Para peneliti menganalisis semua yang dimakan anak-anak selama 24 jam. Meskipun mereka tidak secara spesifik menghitung berapa banyak total nutrisi harian yang berasal dari sarapan, mereka menemukan bahwa anak-anak yang makan sereal siap saji memiliki “profil asupan nutrisi yang lebih baik” dan berat badan yang lebih sehat dibandingkan anak-anak yang melewatkan sarapan atau anak-anak yang makan “sarapan lainnya”.
O’Neil dan rekan-rekannya mempelajari hampir 10.000 anak berusia antara 9 dan 18 tahun yang berpartisipasi dalam Survei Pemeriksaan Kesehatan dan Gizi Nasional (NHANES) antara tahun 1999 dan 2006.
Mereka menemukan bahwa 20 persen anak-anak berusia 9 hingga 13 tahun, dan hampir sepertiga anak-anak berusia 14 hingga 18 tahun, melewatkan sarapan.
Jumlah anak-anak yang sarapan mulai menurun seiring dengan bertambahnya usia anak-anak, dan pada saat mereka duduk di bangku sekolah menengah atas, hampir sepertiganya melewatkan sarapan.
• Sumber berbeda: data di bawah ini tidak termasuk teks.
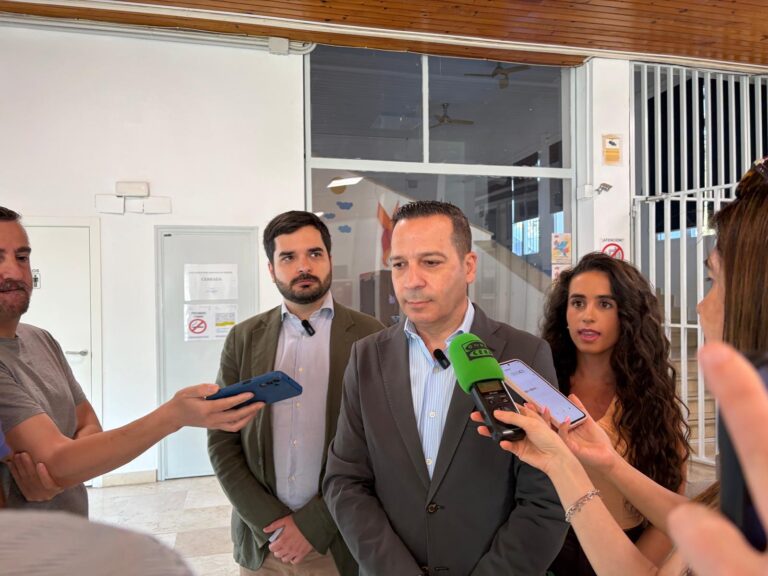 El vicepresidente Óscar Fernández reafirma el compromiso de la Junta con la seguridad y estabilidad laboral del Centro `Marcelo Nessi’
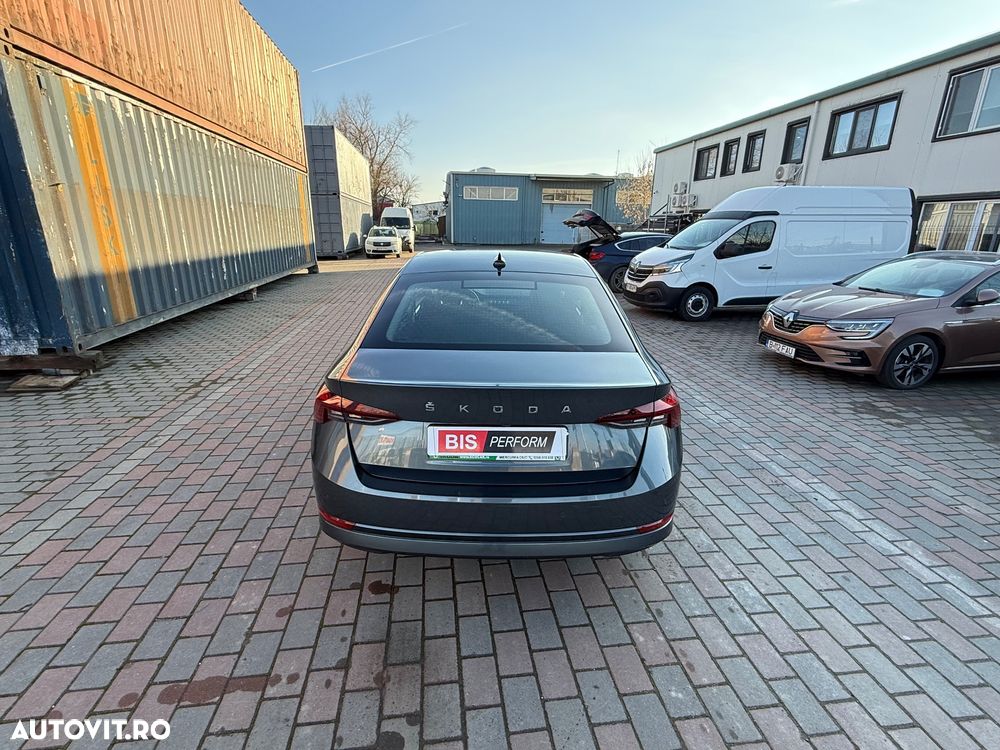 Skoda Octavia 2.0 TDI DSG Ambition - 10
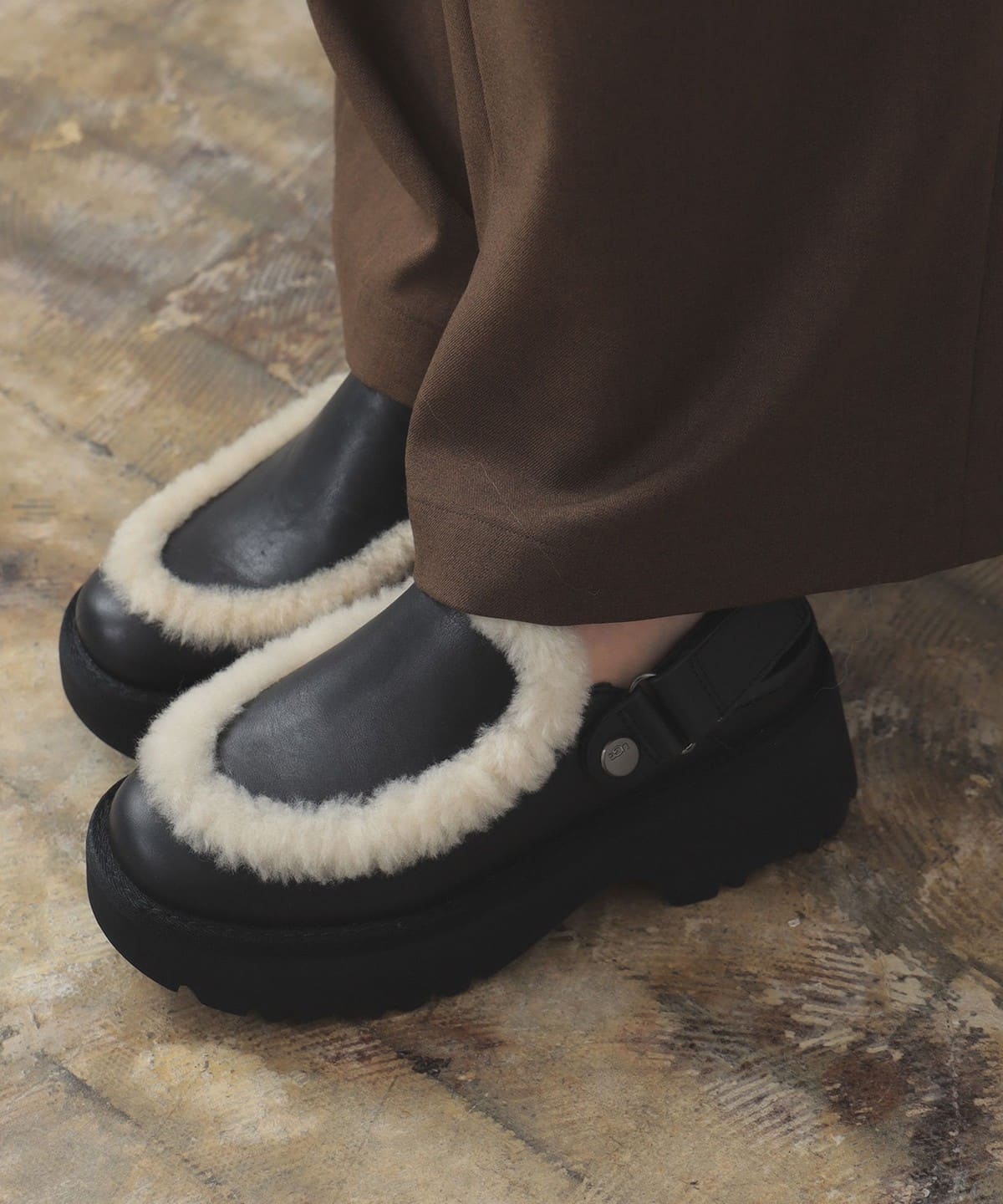 Ray BEAMS（レイ ビームス）UGG(R) / Esmee Leather Clog（シューズ
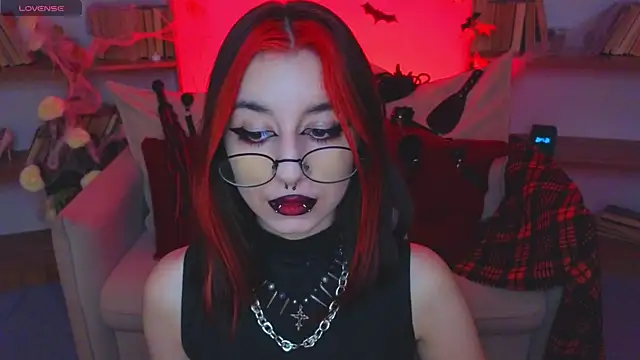 Snapshot of Mistress__Marcelline chatting on 11/01/25, 09:47 Mistress Marcelline online show from 11/01/25, 09:47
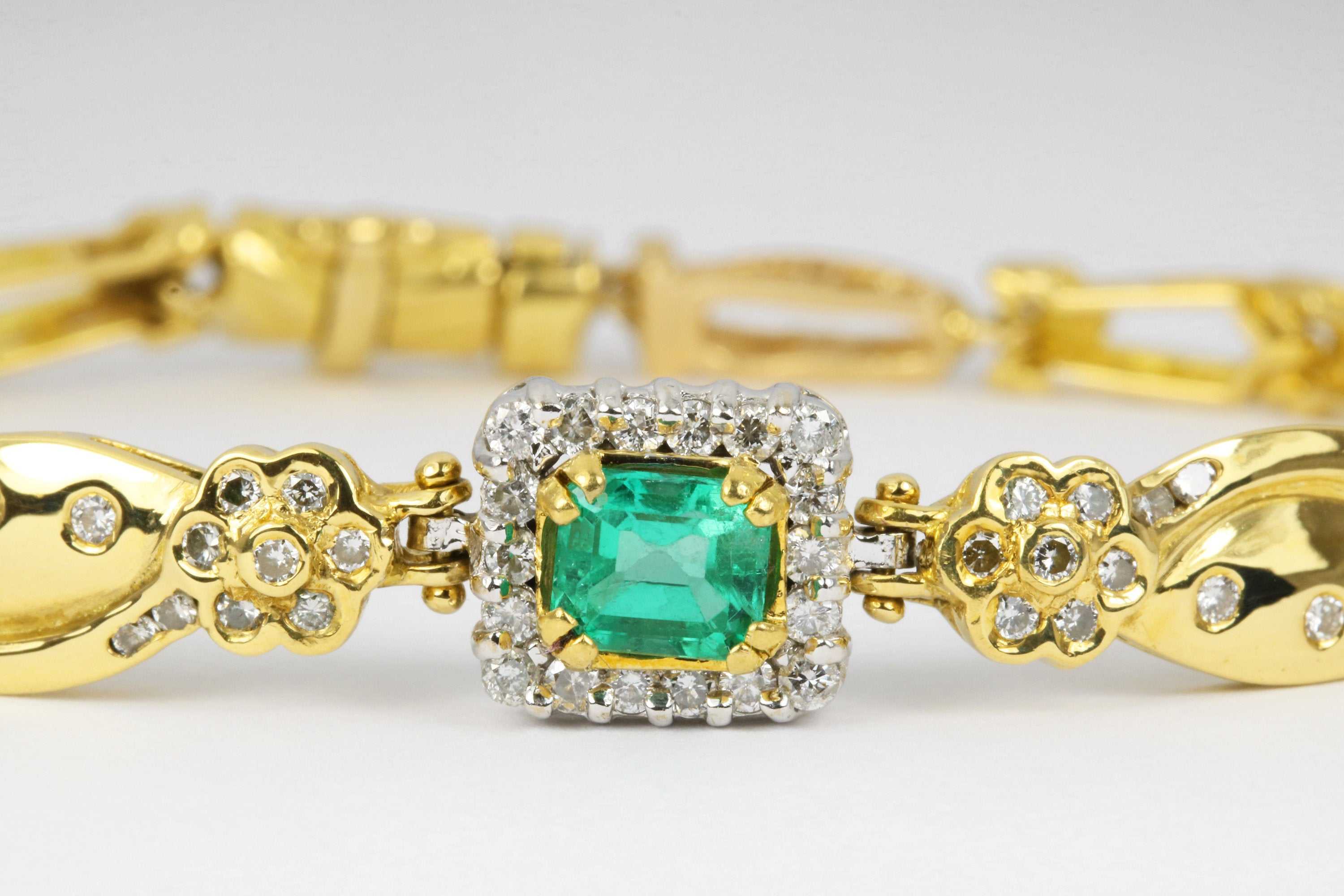 1.70tcw Genuine Emerald & Diamond 18K Gold Anniversary Bracelet for Women - Perfect Gift for Wife, Mother, Birthday, Valentine's Day & Special Occasions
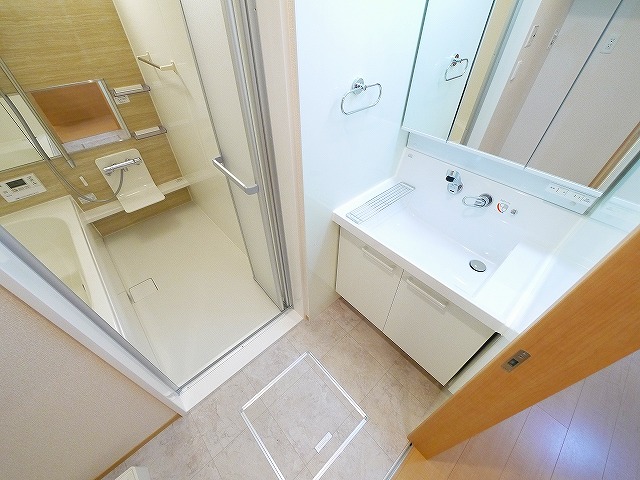 洗面設備　ゆったりとスペースのある洗面所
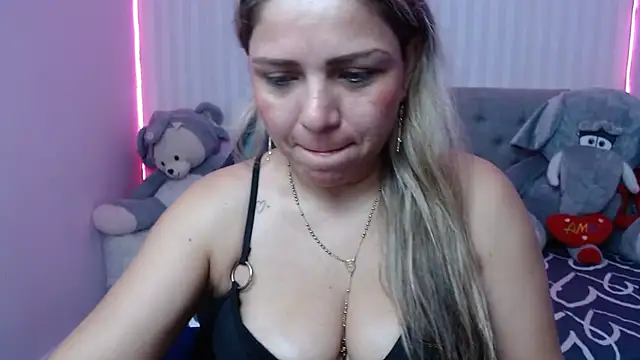 cum bigass online show from 02/09/25, 12:19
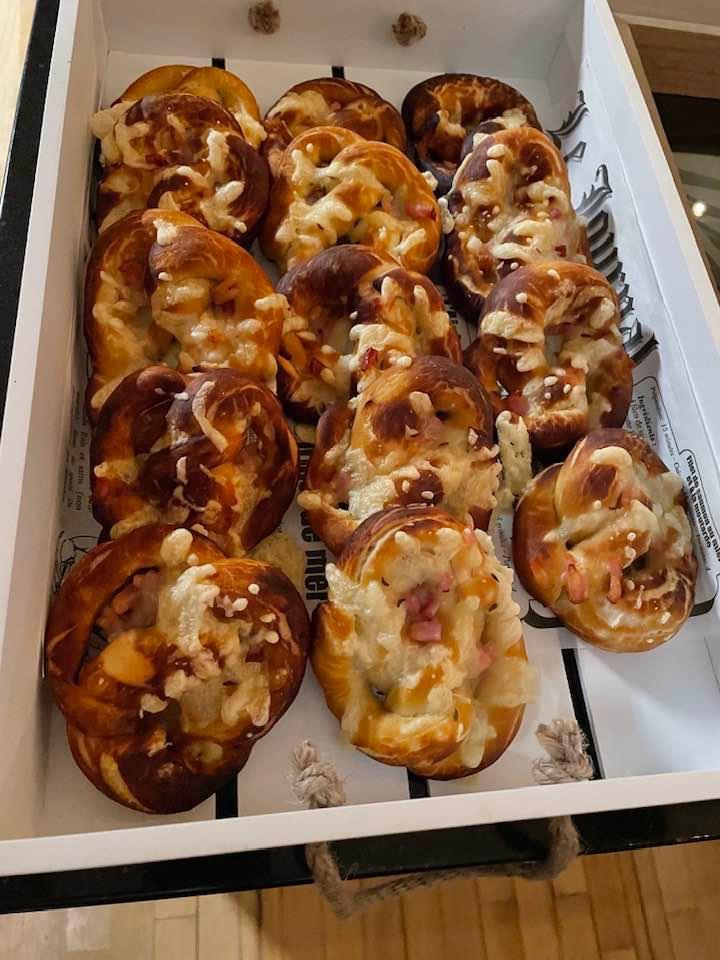 Épicuriane | 237 Côte Sainte-Anne, Sainte-Anne-de-Beaupré, QC G0A 3C0, Canada | Phone: (418) 271-3249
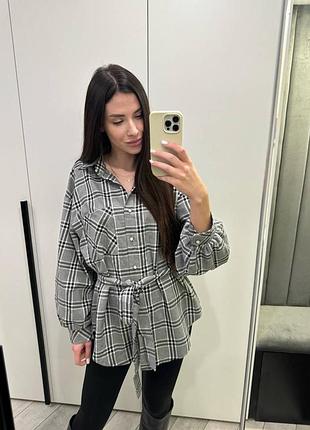 Новенька фланелева клітчата сорочка вільного крою жіноча трендова рубашка з поясом у комплекті в клітинку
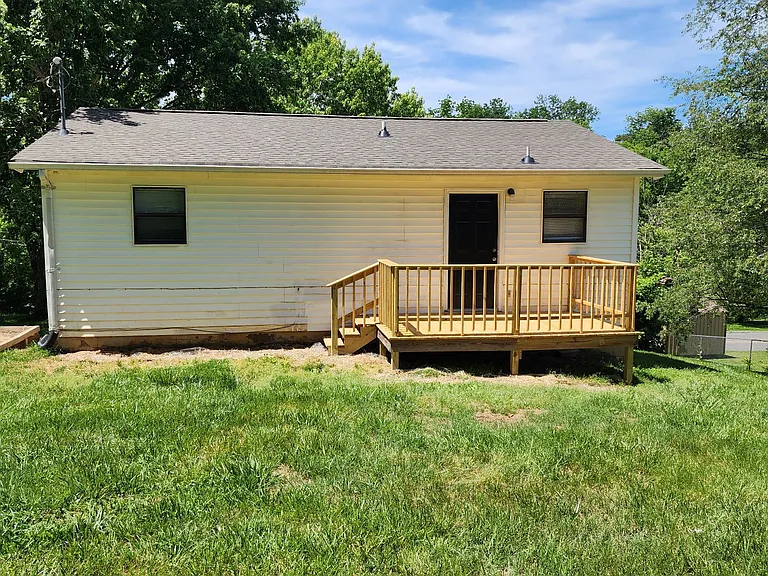 2456 Fairview Rd — Photo 3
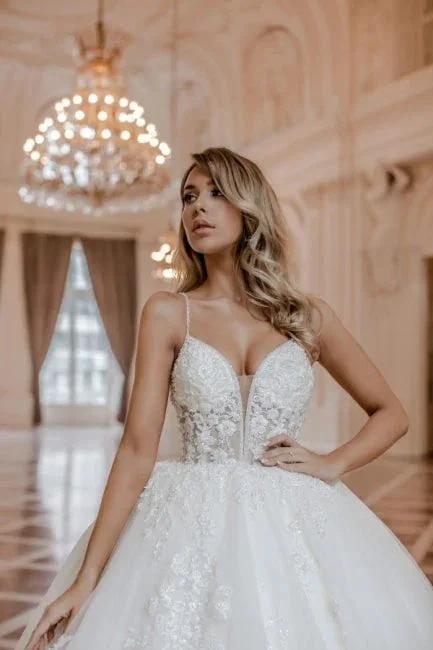 Luxury spaghetti straps sleeveless ball gown lace Wedding dress - Image 3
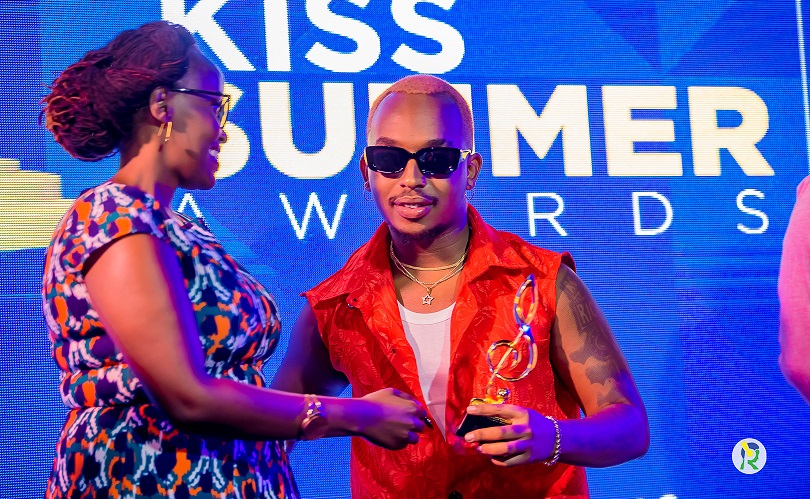 Buravan, Eazy na Alyn Sano mu begukanye ibihembo bya Kiss Summer Awards 2022-AMAFOTO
Sepertiga dari remaja putri yang lebih tua melewatkan sarapan, demikian temuan para penulis. “Ironisnya, salah satu kekhawatiran mereka adalah berat badan, sehingga mereka mengira akan melewatkan waktu makan ini dan mendapatkan lebih sedikit kalori di siang hari, padahal sebenarnya mereka melewatkan waktu makan, mereka lapar dan mulai ngemil ini, itu, dan lainnya, dan secara umum mereka cenderung makan lebih banyak kalori dan lebih sedikit makanan padat nutrisi,” kata O’Neil.
Anak-anak tidak menyadari bahwa sereal siap saji menyediakan cara cepat dan mudah untuk mendapatkan sarapan yang enak, tambahnya.
“Salah satu hal yang perlu diselidiki saat ini adalah mengapa begitu banyak anak melewatkan sarapan dan mengapa banyak anak yang lebih besar melewatkan sarapan,” kata O’Neil.
Dia dan rekan-rekannya menemukan bahwa persentase anak-anak dan remaja dari rumah tangga dengan orang tua tunggal atau berpendapatan rendah lebih tinggi yang melewatkan sarapan. Mereka juga menemukan bahwa konsumsi sereal siap saji lebih rendah pada anak-anak minoritas dibandingkan anak-anak kulit putih. Setidaknya satu penelitian sebelumnya menunjukkan bahwa akses dan ketersediaan makanan sehat, termasuk sereal siap saji yang diperkaya, lebih rendah bagi orang kulit hitam dibandingkan orang kulit putih, kata para peneliti.
Penelitian ini didanai oleh Departemen Pertanian AS dan Kellogg’s Corporate Citizenship Fund.